Os mil e um sabores da criação

ALCINO LEITE NETO
da Folha de S.Paulo, em Paris

Uma nova profissão acaba de ser consolidada na França: estilista em imaginário alimentar. O que é isso? "Nosso trabalho é imaginar todos os alimentos que não existem e com os quais podemos sonhar, criando novos protótipos e combinações, ampliando e reinventando, assim, os hábitos alimentares", explica Edouard Malbois, 37, diretor-geral da Enivrance.

Protótipos de cápsulas de saladas, cuja membrana permite conservar seus molhos
A empresa é o primeiro "escritório de estilos alimentares" do mundo. Foi criada há seis meses. No Salão Internacional de Alimentação, que aconteceu em Paris no último mês, a Enivrance apresentou sua primeira "coleção de imaginário alimentar", causando grande sensação.

Os protótipos de alimentos criados pela empresa beiram o maravilhoso, pelo arrojo das idéias, a curiosidade das soluções encontradas e o cuidado na construção visual, em que os produtos ganham formas e cores como se fossem uma pequena obra de arte.

A Enivrance propõe, por exemplo, a condensação de alimentos em páginas de cores variadas que formariam um livro de sabores. Poderiam ser "folhas" de frutas, de sorvetes, de temperos ou de presuntos variados. "As crianças levariam o livro à escola e poderiam destacar as folhas para compor os sanduíches", diz Malbois.

Outra coleção inventa cápsulas transparentes, que poderiam conter saladas de vários tipos. Para comê-las, bastaria deixar romper na boca a membrana natural que as envolveria. Outro projeto recria as frutas e os vegetais para as crianças, transformando-os em brinquedos. Os chocolates ganham formas extraordinárias, com barras de cores irridescentes e prateadas ou que imitam texturas naturais.

Projeto para armazenar verduras ou frutas frescas em placas fáceis de transportar
"Por que não comer frutas, framboesas, por exemplo, da mesma forma como se come um chocolate? Ou degustar uma cápsula de salada natural durante uma reunião?", sugere.

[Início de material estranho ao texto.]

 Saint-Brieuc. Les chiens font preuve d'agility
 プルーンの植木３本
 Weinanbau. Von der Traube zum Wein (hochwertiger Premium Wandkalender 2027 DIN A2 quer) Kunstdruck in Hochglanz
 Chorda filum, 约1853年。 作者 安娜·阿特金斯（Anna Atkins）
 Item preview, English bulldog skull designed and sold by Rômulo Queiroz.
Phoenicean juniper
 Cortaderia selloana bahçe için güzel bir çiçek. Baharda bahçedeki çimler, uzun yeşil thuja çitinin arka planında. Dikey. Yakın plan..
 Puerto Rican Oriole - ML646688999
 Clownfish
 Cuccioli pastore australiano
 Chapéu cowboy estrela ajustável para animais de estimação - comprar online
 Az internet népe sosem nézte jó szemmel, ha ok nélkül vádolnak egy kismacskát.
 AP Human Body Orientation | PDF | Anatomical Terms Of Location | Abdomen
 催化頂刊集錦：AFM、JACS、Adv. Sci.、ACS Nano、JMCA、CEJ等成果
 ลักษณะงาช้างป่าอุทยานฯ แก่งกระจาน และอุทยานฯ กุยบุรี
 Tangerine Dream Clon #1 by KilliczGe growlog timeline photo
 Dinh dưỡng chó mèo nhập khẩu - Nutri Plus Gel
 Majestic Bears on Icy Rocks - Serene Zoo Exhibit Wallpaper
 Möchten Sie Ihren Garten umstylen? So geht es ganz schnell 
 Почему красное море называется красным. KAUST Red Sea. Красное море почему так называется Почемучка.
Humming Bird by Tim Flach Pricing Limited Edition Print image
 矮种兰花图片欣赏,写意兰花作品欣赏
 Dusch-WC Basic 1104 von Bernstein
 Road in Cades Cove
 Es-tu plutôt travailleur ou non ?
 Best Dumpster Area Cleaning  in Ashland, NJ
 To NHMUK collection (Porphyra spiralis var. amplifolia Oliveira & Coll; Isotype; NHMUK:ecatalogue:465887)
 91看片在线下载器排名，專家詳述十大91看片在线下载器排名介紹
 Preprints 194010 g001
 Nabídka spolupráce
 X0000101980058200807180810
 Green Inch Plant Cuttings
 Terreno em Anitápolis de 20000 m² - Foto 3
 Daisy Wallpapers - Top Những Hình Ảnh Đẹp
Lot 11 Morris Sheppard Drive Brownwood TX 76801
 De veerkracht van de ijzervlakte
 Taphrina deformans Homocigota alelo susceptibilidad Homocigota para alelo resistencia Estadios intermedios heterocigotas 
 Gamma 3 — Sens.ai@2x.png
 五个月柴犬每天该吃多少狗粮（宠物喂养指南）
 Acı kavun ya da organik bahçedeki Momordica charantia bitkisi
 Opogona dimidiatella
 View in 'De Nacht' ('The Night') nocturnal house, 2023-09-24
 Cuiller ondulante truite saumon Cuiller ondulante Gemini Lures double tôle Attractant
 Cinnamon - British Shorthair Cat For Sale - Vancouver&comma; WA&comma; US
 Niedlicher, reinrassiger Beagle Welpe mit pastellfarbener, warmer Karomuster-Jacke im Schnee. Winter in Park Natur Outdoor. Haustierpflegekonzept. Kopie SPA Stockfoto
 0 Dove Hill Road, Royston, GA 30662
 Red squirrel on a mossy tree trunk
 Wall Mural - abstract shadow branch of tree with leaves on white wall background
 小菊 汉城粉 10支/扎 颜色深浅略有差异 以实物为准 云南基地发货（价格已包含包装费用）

Um grosso catálogo expõe os protótipos da empresa. Parece um livro de arte que registra uma exposição. Custa US$ 100 mil. O preço é alto porque o livro é o tesouro de idéias da Enivrance. Segundo Malbois, os mais de 200 projetos de alimentos que ele contém são resultado de quase dez anos de trabalho. "É um catálogo de criação, um acelerador de idéias, que expande a imaginação."

O catálogo é a principal criação da Enivrance, que não faz os alimentos propriamente ditos. "Nosso trabalho é propor visões novas, e não preparar os alimentos. Nós criamos idéias que vão inspirar o setor agroalimentar, as indústrias, os restaurantes. Os projetos contidos no catálogo podem ser interpretados de 20 maneiras diferentes por 20 empresas diferentes", afirma.

Quem estiver interessado numa coleção privada de alimentos, feita sob encomenda, paga bem menos por ela: a partir de US$ 15 mil. Malbois imagina, por exemplo, novas formas para a apresentação da caipirinha, o drinque brasileiro que é bastante famoso na Europa. "Podemos fazer caipirinha na forma de charutos —bastões congelados em caixas refrigeradas— ou em pequenas placas que poderiam ser levadas no bolso e seriam colocadas dentro dos copos com gelo, ou ainda fazê-la em cápsulas cobertas de membranas naturais, que deixassem ver os diferentes frutos —o limão verde, o amarelo, a lima", sugere.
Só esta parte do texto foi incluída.